Meatless Monday recipe of the week: Lentil and Quinoa Salad with Cashews
Quinoa is one of the best foods you can eat. A "pseudograin," it has a complete protein profile and its nutty flavor works well in just about any format. I'm constantly using it to replace couscous (a pasta) in recipes. It's more healthy and more filling to boot.
This recipe uses hearty quinoa as a base and then adds lentils, another really beneficial food. Lentils are high in fiber, meaning this salad will stick with you long into the night.

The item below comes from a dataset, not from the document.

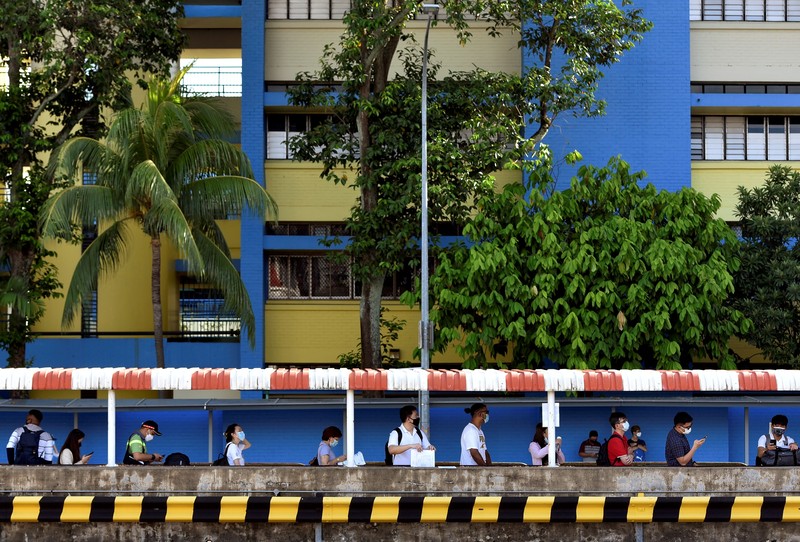 Singapura, Malaysia membuka kembali perbatasan darat di tengah kekhawatiran atas varian Omicron. (REUTERS/CAROLINE CHIA) Singapura, Malaysia membuka kembali perbatasan darat di tengah kekhawatiran atas varian Omicron. (REUTERS/CAROLINE CHIA)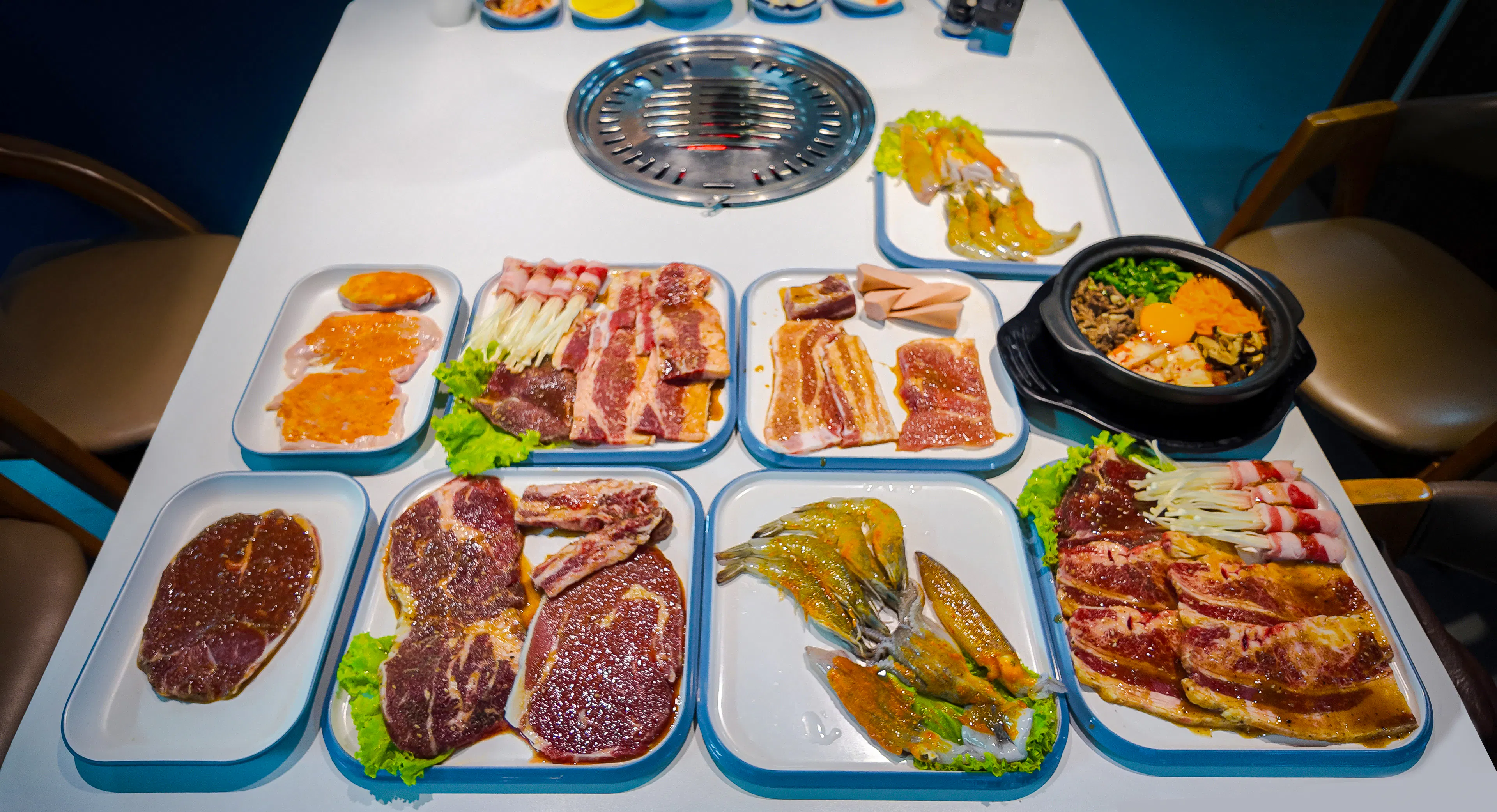 BBQ dinner spread with marinated meats and seafood on the Phu Quoc Sunset Tour.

Lentil and Quinoa Salad with Cashews
1 cup quinoa
1/2 cup green lentils
2 tablespoons Bragg Liquid Aminos
2 tablespoons Dijon mustard
2 tablespoons red wine vinegar
1 tablespoon Bragg Organic Sprinkle Seasoning
1 shallot, minced
2 cups baby arugula
1 fennel bulb, trimmed and sliced as thinly as possible (use a mandolin if you have one)

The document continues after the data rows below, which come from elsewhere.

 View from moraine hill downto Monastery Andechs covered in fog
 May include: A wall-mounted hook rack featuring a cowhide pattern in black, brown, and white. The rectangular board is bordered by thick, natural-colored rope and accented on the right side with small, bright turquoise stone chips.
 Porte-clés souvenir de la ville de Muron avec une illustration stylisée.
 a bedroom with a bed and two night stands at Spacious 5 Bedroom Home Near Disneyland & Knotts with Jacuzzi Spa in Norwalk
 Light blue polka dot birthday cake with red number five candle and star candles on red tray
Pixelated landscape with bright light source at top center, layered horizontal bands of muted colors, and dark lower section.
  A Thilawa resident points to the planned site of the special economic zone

1/2 cup diced roasted red bell pepper
1/4 cup toasted cashews
1 lemon, cut into wedges
Cook quinoa and lentils separately according to package instructions. Drain lentils well and set aside to let cool. In a large bowl whisk together aminos, mustard, vinegar, seasoning and shallot. Add quinoa, lentils, arugula, fennel and bell pepper and toss to combine. Chill until ready to serve. Garnish with cashews and lemon wedges.
— Recipe from www.wholefoodsmarket.com.
Meatless Monday recipe of the week: Vegetarian Paella
Hello, Old Man Winter, happy Monday!
Jerk.
No matter how cold today gets with its biting wind and clouds, this dish will warm you through. It has the flavor of the famed Spanish seafood-and-rice dish, while managing to add the nutrition of brown rice and veggies in the way of bell peppers, tomatoes, celery and peas.
Take that, frigid temps!
Vegetarian Paella
1 1/2 tablespoons olive oil
1 large onion, chopped
1/2 teaspoon paprika
1 1/2 cups long grain brown rice
3 3/4 cups low-sodium vegetable broth
3/4 cups dry white wine
14-ounce can tomatoes, chopped with juice
1 tablespoon tomato paste
1/2 teaspoon tarragon
1 teaspoon dried basil
1 teaspoon oregano
1 red pepper, roughly chopped
1 green pepper, roughly chopped
3 stalks celery, finely chopped
3 cups mushrooms, washed and sliced
1/2 cup snow pea pods
2/3 cup frozen peas
1/3 cup cashew nut pieces
Salt and pepper to taste
Heat oil in a large, deep skillet and sauté onions until soft. Add paprika and rice and continue to cook for 4 -5 minutes or until rice is transparent. Stir occasionally. Add stock, wine, tomatoes, tomato paste, and herbs and simmer for 10 - 15 minutes. Add peppers, celery, mushrooms, and pea pods and continue to cook for another 30 minutes or until rice is cooked. Add peas, cashews, salt and pepper to taste. Heat through and place on a large heated serving dish.